On the surface, the model looked flawless. But hidden within its experimental logic was a subtle, critical flaw. What’s more, I’d embedded invisible digital watermarks into every line of core code. Once decoded with a specific program, the name Bonnie Lane would show up clearly.

He probably thought he could tweak a few details and pass my work off as his own.

I launched my screen recording software and captured every detail: his login IP, download timestamps and full activity logs, saving everything as solid evidence.

“Got you, thief,” I murmured softly.

The following afternoon, the sky was a bruised, stormy purple as I headed to the administration building to hand in my final, pristine paper documents. As I turned the quiet stair corner on the third floor, a tall figure stepped out of the shadows, blocking my path.

It was Leander.

He was the only student at St. Paul’s who could keep up with me academically, consistently ranking second in our grade by mere fractions of a point.

Quiet, intensely observant, and notoriously aloof, he kept to himself and rarely spoke to anyone.

"Heard you actually grew a spine and stayed in the running for the Harvard scholarship," he said. He held out an iced Americano. His voice was deep, resonant, and laced with a quiet, dangerous kind of admiration.

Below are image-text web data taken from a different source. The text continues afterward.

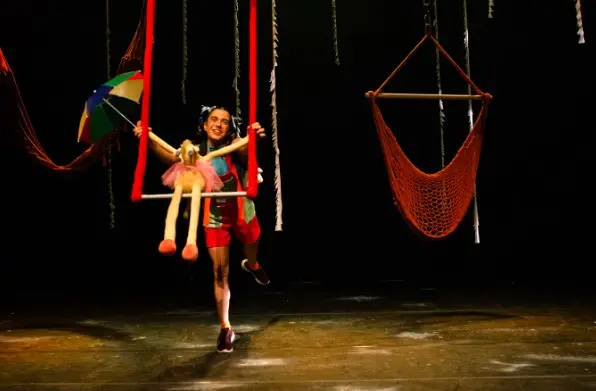 A última atração deste sábado será às 20h, com o espetáculo “Intervencirco”, com Os Kaco, grupo circense do Tocantins | Foto: Tai Mendes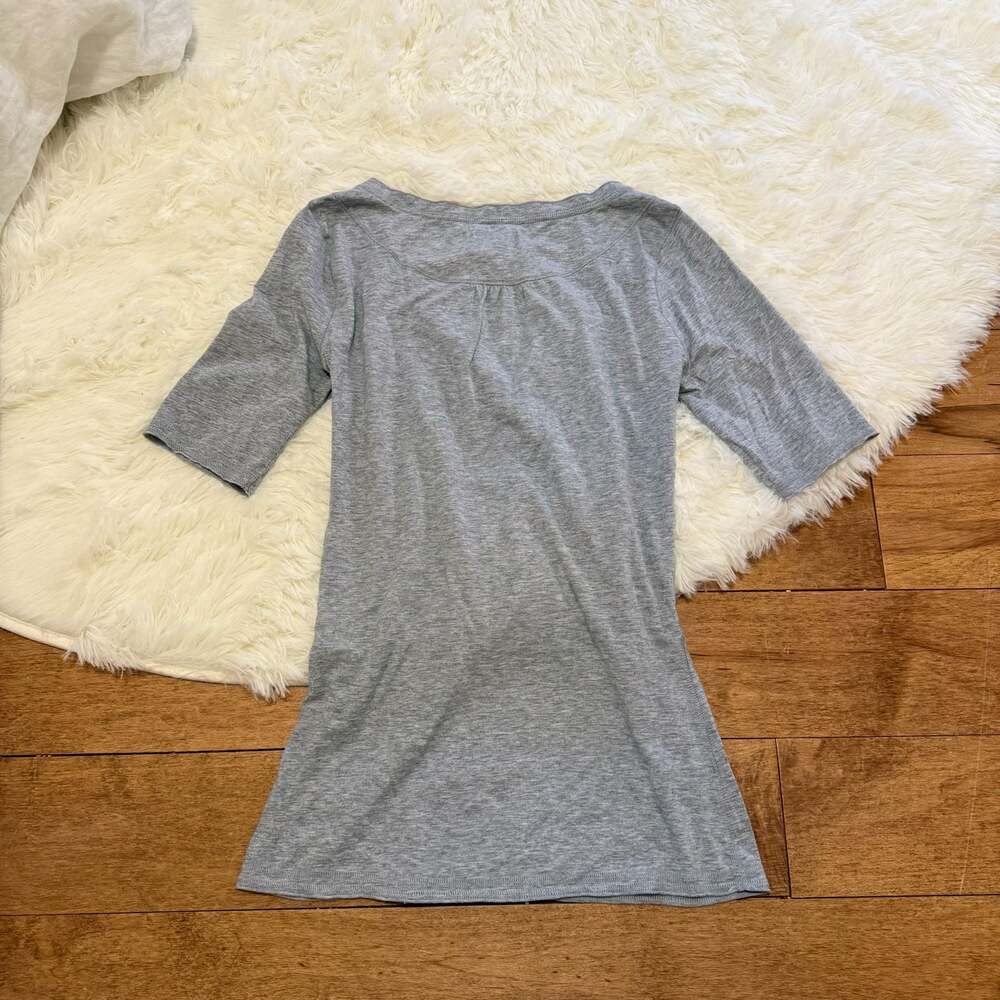 Abercrombie & Fitch Gray Henley Shirt Size L - Picture 4 of 4
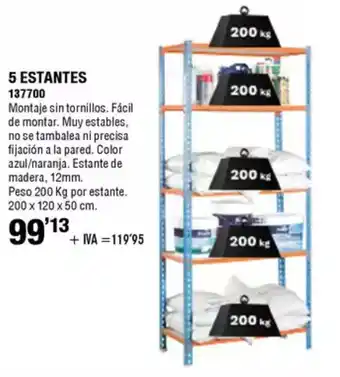 ferrOkey 5 estantes oferta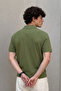 Men's Classic Khaki Polo Neck T-Shirt - 6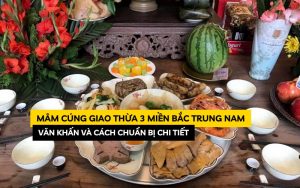 mâm cúng giao thừa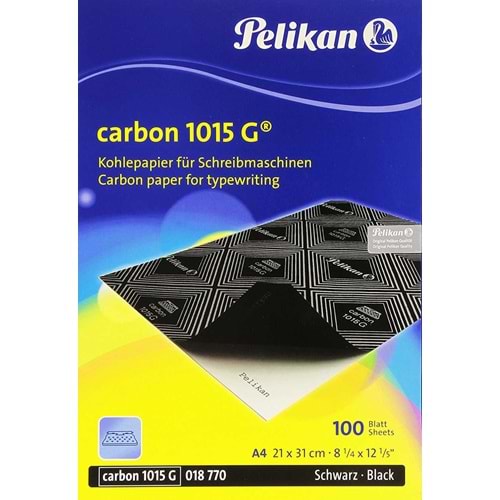 Pelikan Karbon Kağıdı 1015 Siyah 100 lü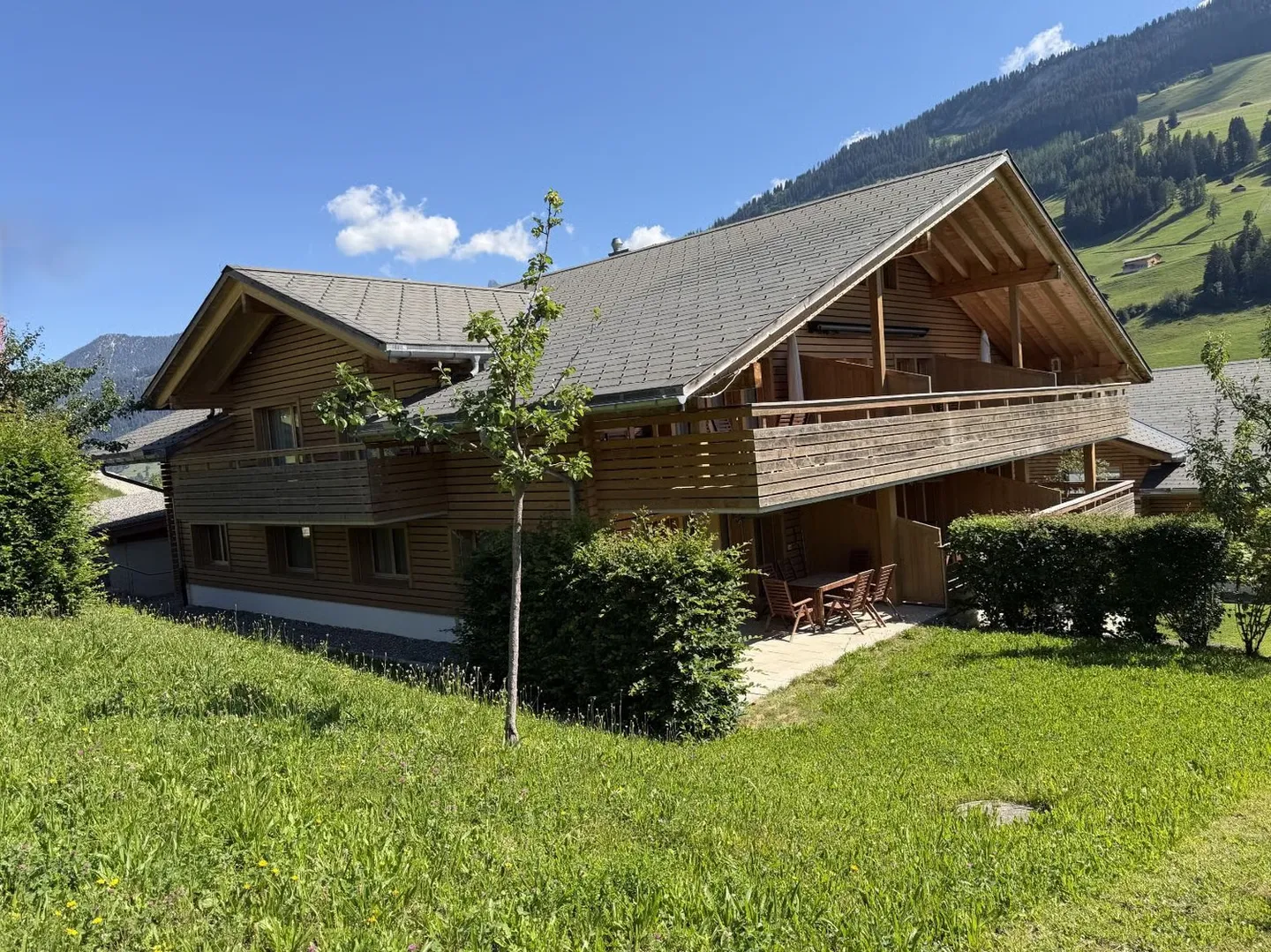 Appartamento per vacanze luminoso di 3½ stanze nel bellissimo centro vacanze di Lenk! - Foto 1 di 12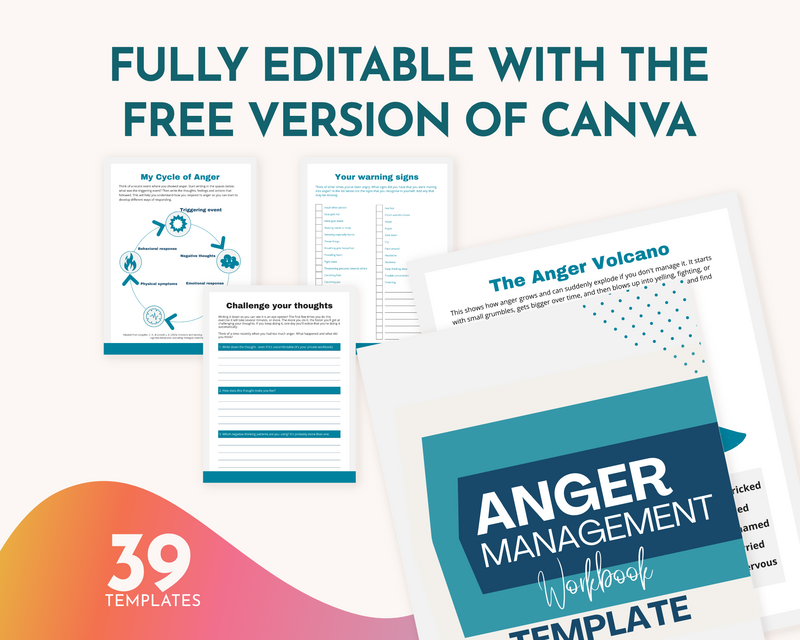 CSS anger management workbook PLR canva template_4
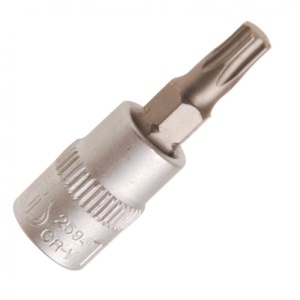 Capat cheie tubulara 1/4" cu varf Torx, T27 - Img 1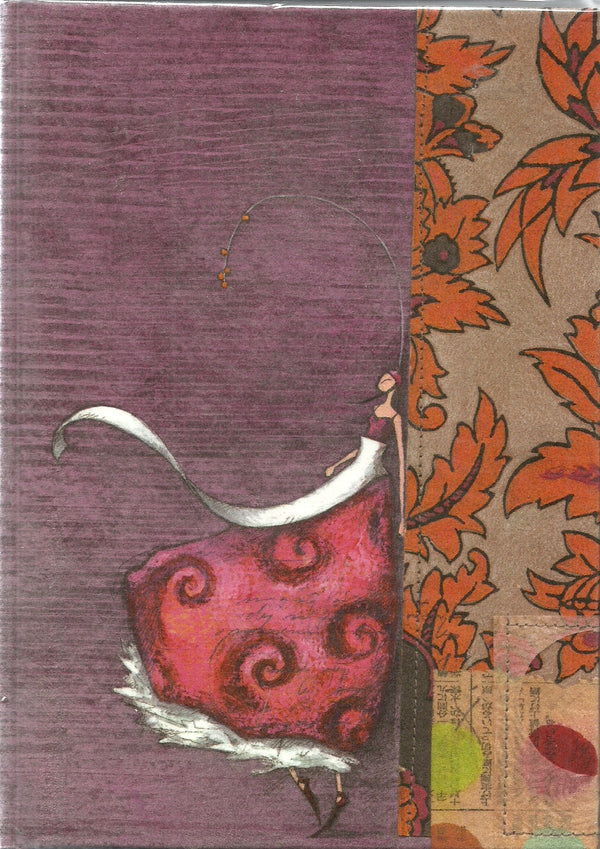 Lined Notebook with Velvet Cover by Gaelle Boissonnard - 6 X 9 Inches (96 Pages)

I took the coffee, the ice biting into my palm, grounding me. "Word travels fast. How did you find out?"

"I’m on the final candidate list too." Leander stepped closer, leaning against the wall. His dark eyes locked onto mine, stripping away all my defenses. "I always thought it was tragically foolish of you to throw away a brilliant mind for a parasite. I’m glad you finally woke up."

I paused, my fingers tightening around the cold plastic cup. A bitter laugh escaped my throat. "Yeah. I just wish I’d woken up a decade sooner."

"It’s never too late." Leander stood up straight, closing the distance between us. He reached into his tailored blazer and pulled out a sleek, matte-black USB drive, holding it out to me between his long fingers.

"What's this?" I asked, hesitating.

"Insurance," he said softly. "These past few days, Richard has been running around like a headless chicken, begging people to fix his deeply flawed application. When that failed, he used Daphne’s connections to find a shortcut."

Leander’s lips curled into a predatory smile. "This drive contains 4K surveillance footage of Richard meeting with an underground academic ghostwriting syndicate at a local café. It also has the server logs showing their file transfers, plus bank routing records proving Daphne’s father wired twenty grand to a state review officer."

I stared at him in shock. “Why are you helping me?”

“I hate seeing hard-earned success stolen by rats,” a sharp glint flashed in his eyes. “Besides, you deserve the very best.”

I clutched the USB drive tightly, overwhelmed by a long-lost sense of warmth and resolve.

“Thank you,” I said earnestly.

“Don’t mention it.” A faint smile played on his lips. “I can’t wait to watch you put those rats in their place at graduation.”

I watched him walk away, and the cold resolve in my eyes sharpened into a steely edge.

Richard, Daphne — your time is running out.